Tutto molto realistico, tutto sin troppo verosimile. “Inevitabilmente”, quindi, serve un altro giro di consultazioni al Colle. “Non mi sembra che a oggi sia uscito un quadro di governo concreto e quindi io sono già telefonicamente al lavoro”, spiega il leader della Lega, Matteo Salvini. Su cosa stia lavorando l’esponente del Carroccio non è così difficile da intuire. La riproposizione in salsa grillina della politica dei due forni di craxiana memoria, con chi ci sta a seconda della convenienza, ha costretto il segretario del partito a riprendere a tessere la tela, lasciata da una parte dopo il risultato elettorale, con Berlusconi e la Meloni per delineare una trama forte, capace di rendere solido il tessuto. Fuor di metafora se Salvini  vuole evitare un governo Pd-Cinque stelle deve contare sui propri alleati. Tanto per fare un governo quanto per scongiurarlo. Del resto, a chi ha chiesto a Salvini se il Centrodestra andrà unito al Colle per le nuove consultazioni il leader della Lega ha risposto in modo sibillino: “Non lo so, devo ancora sentire Berlusconi e Meloni”. Dopo aver preso il centro del ring ora il capo del Carroccio si trova all’angolo con i suoi secondi.

Data la cornice, il quadro tratteggiato dal Capo dello Stato è di una linearità disarmante: “Le elezioni non hanno assegnato a nessuna forza la maggioranza dei seggi in Parlamento, né alla Camera né al Senato. Nessun partito e nessuno schieramento politico dispone, da solo, dei voti necessari per formare un governo”, spiega il presidente della Repubblica, Sergio Mattarella, al termine della due giorni di consultazioni al Quirinale, osservando che “è indispensabile che vi siano intese tra più parti politiche per formare una coalizione di maggioranza. Nelle consultazioni di questi due giorni – ha aggiunto il Capo di Stato – questa condizione non è ancora emersa; farò trascorrere qualche giorno di riflessione”. E quindi “ci sarà la prossima settimana un nuovo giro di consultazioni”, ha concluso Mattarella. Dunque un Colle sempre più arbitro, sempre aderente al dettato costituzionale, facendo dimenticare le intemperanze formali e sostanziali del suo predecessore, Giorgio Napolitano, sempre meno arbitro e sempre più allenatore.

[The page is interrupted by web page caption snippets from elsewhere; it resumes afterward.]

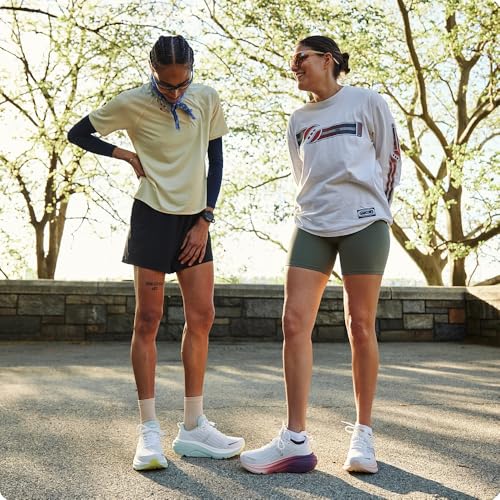 Saucony Hurricane 25 Black/White - Image 2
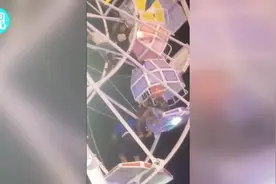 摩天轮座舱突然翻转 一家人从舱内掉了出来视频封面
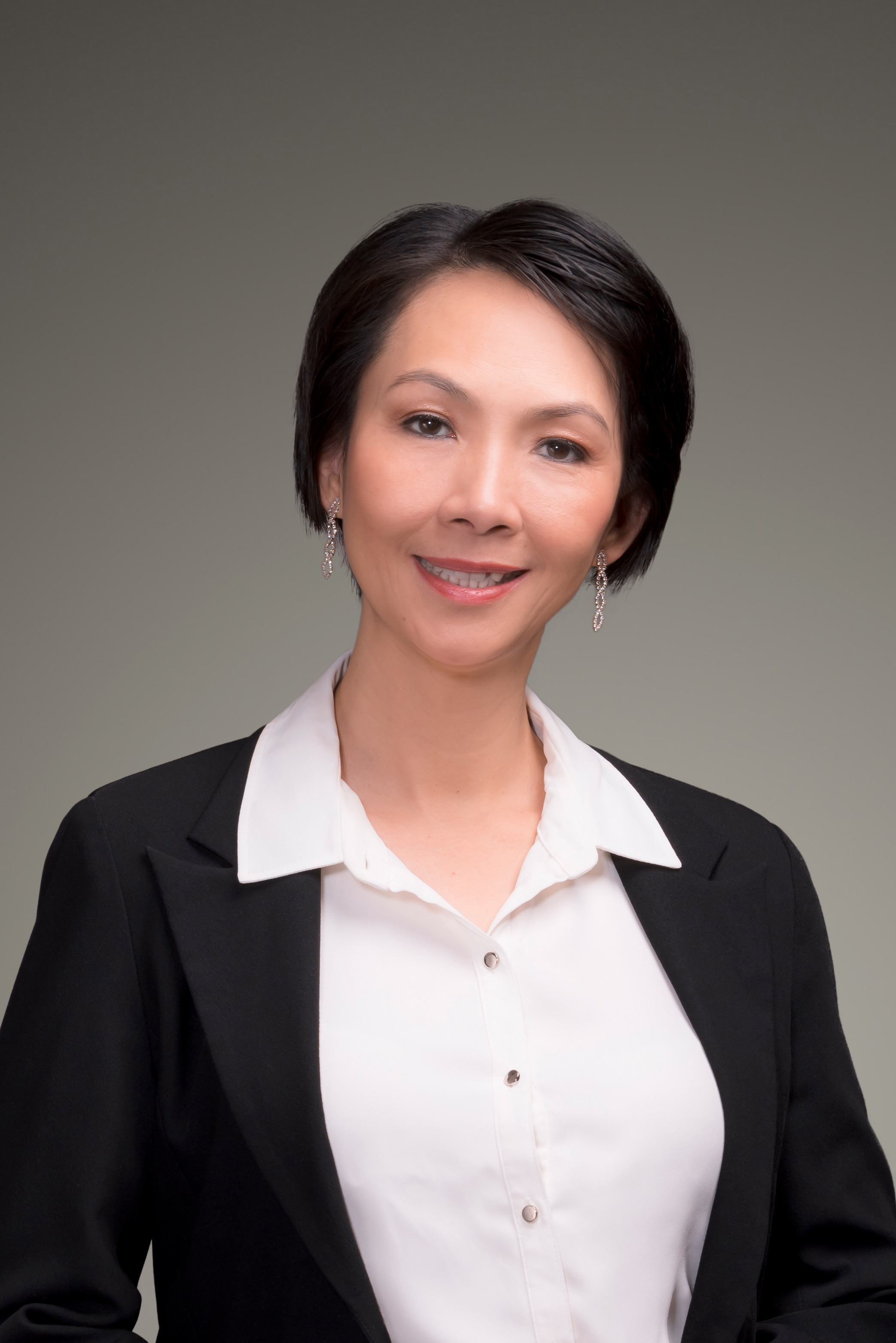 Anh Dao Tran, Realtor® with BRG Realty Corp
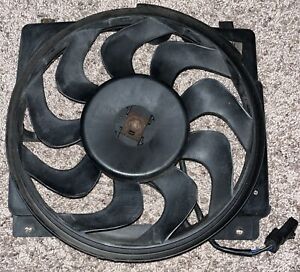 Dual Radiator and Condenser Fan Assembly TYC 620560 fits 97-01 Jeep Cherokee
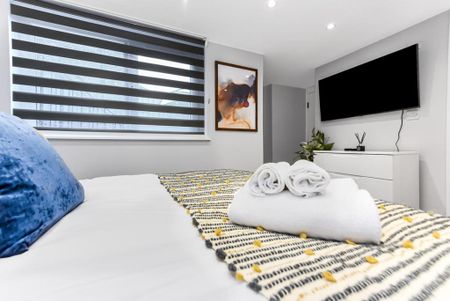 1 bedroom serviced apartment to rent - Photo 4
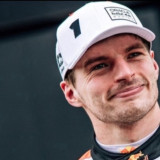 Resmi Perpanjang Kontrak Hingga F1 2030, Max Verstappen Mengaku Ingin Bertahan di Red Bull Hingga Pensiun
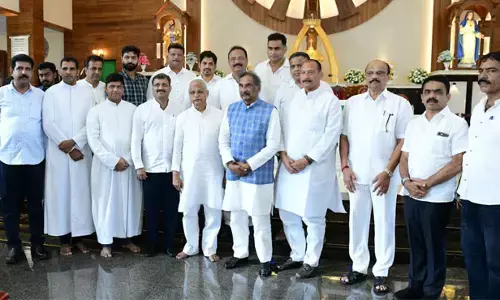 ಬೋಂದೆಲ್: ಸಂತ ಲಾರೆನ್ಸ್ ಚರ್ಚ್‌ಗೆ ಭೇಟಿ ನೀಡಿದ ಸಚಿವ ಕೆ.ಜೆ .ಜಾರ್ಜ್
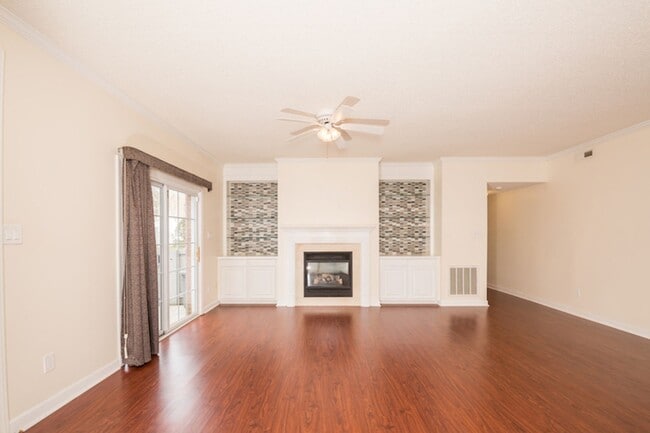 Building Photo - Beautiful Condo in Virginia Beach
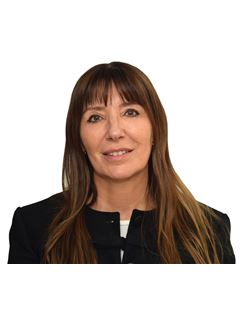 Adriana Vizcaino - RE/MAX Express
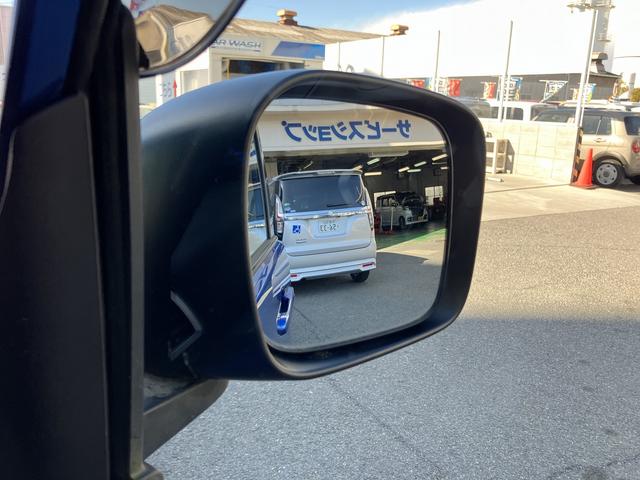 �~���[�͓d���i�[�^�C�v�ɂȂ�܂��B�������~���[�{�̂̐܂肽���݁A�����ă~���[�㉺���E�̌������̒������ł��܂��B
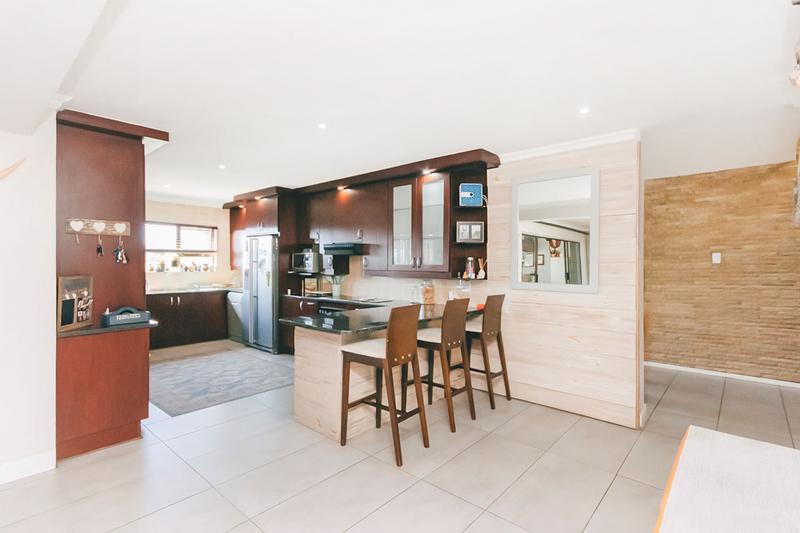 4 Bedroom Property for Sale in Roodekrans Gauteng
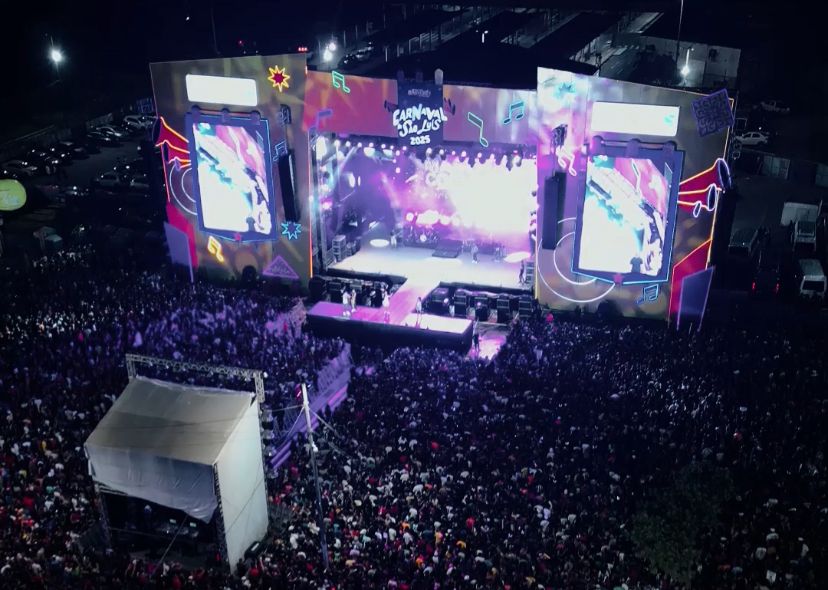 Mais de 300 mil pessoas lotam ‘Cidade do Carnaval’ para ver Mastruz com Leite e Pablo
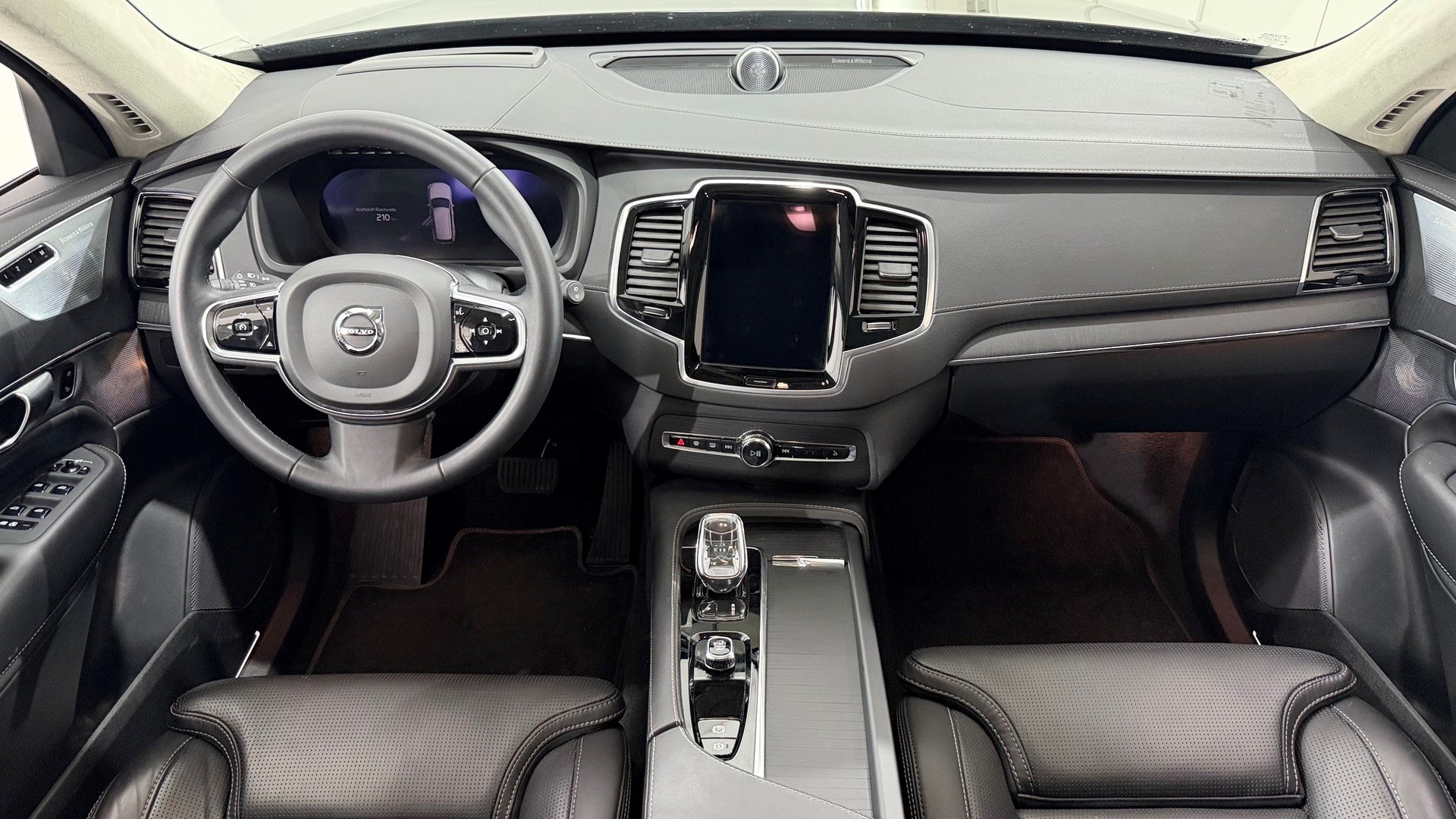 VOLVO XC90 2.0 T8 TE Ultimate Dark 7-image-4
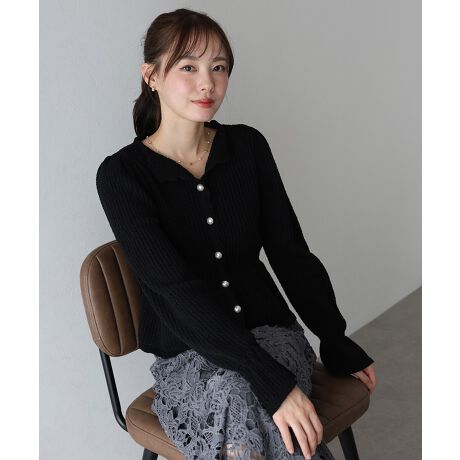 パールボタンペプラムニット | ブルーイースト(BLUEEAST) | マルイ  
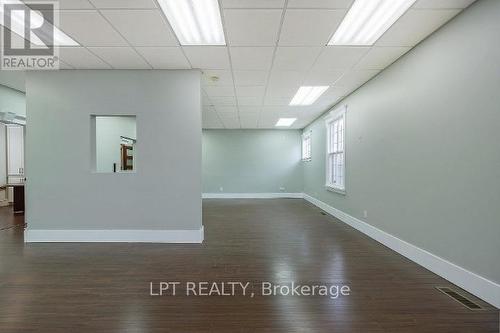 Front entrance/room - 215 Wellington Street, London East (East K), ON 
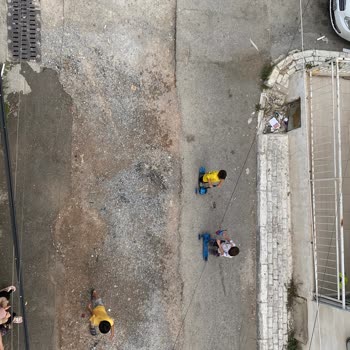 İzsu Kazı Alanını Betonla Kapatmaması Çocukları Ve Sokak Hijyenini Tehlikeye Atıyor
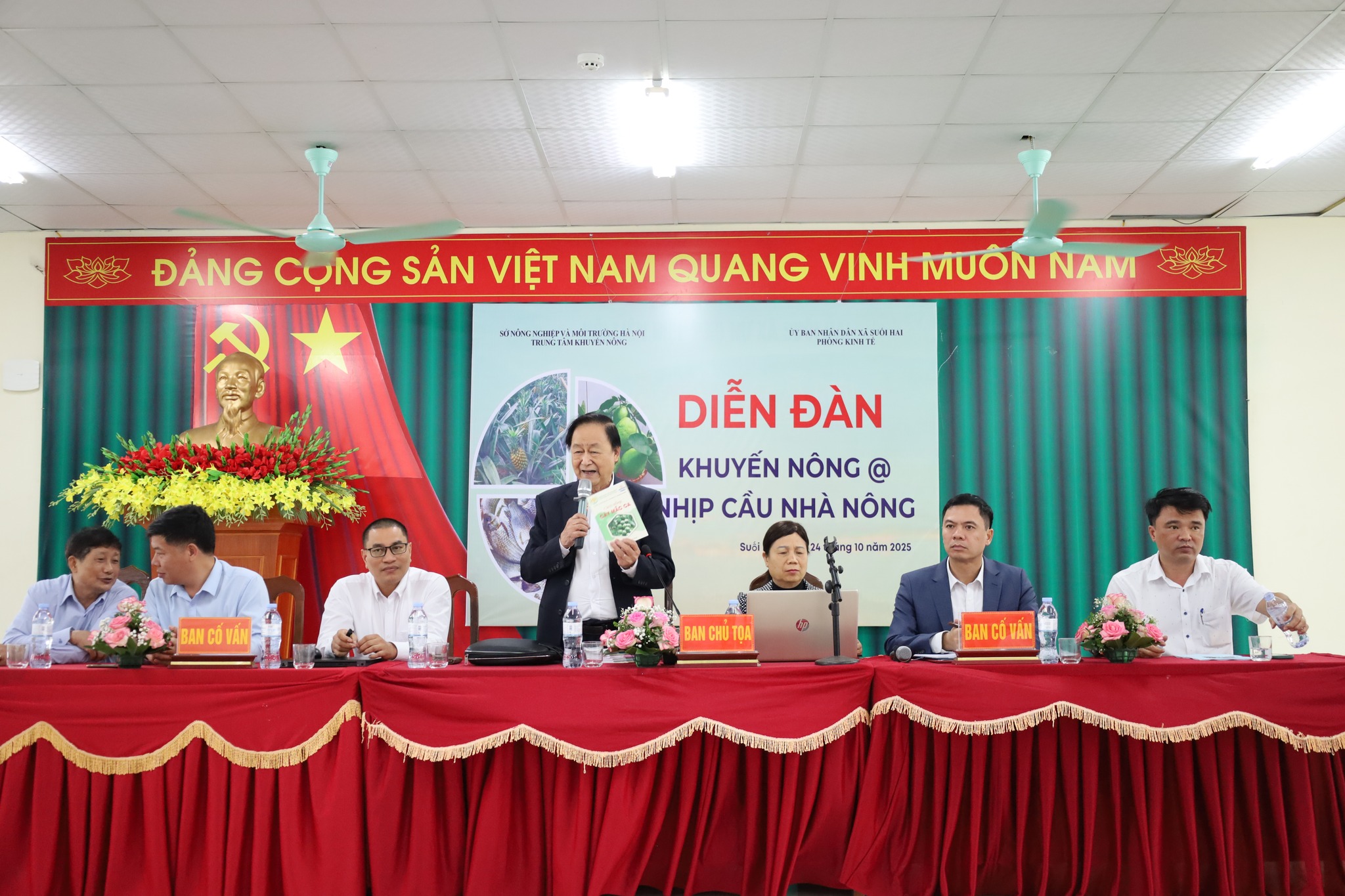 Chuyên gia Nguyễn Lân Hùng – Tổng Thư ký Hội các ngành sinh học Việt Nam giải đáp những câu hỏi của nông dân 2 xã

Al di là dei tatticismi dei partiti e degli schematismi dei leader, giova sottolineare un particolare: nel sottolineare le finalità delle consultazioni che si svolgono al Quirinale, il Presidente della Repubblica ha richiamato gli articoli 92 e 94 della Costituzione. In particolare, il primo prevede, al secondo comma, che “il presidente della Repubblica nomina il presidente del Consiglio dei ministri e, su proposta di questo, i ministri”. L’altro, invece, al primo comma sottolinea che “il governo deve avere la fiducia delle due Camere” e al terzo che “entro dieci giorni dalla sua formazione il governo si presenta alle Camere per ottenerne la fiducia”. Di qui, come ha spiegato il Capo dello Stato, la necessità delle consultazioni al Quirinale per “far emergere una composizione di un governo che abbia il sostegno della maggioranza del Parlamento”. Forse la Costituzione è più lucida dei protagonisti delle consultazioni alla vetrata.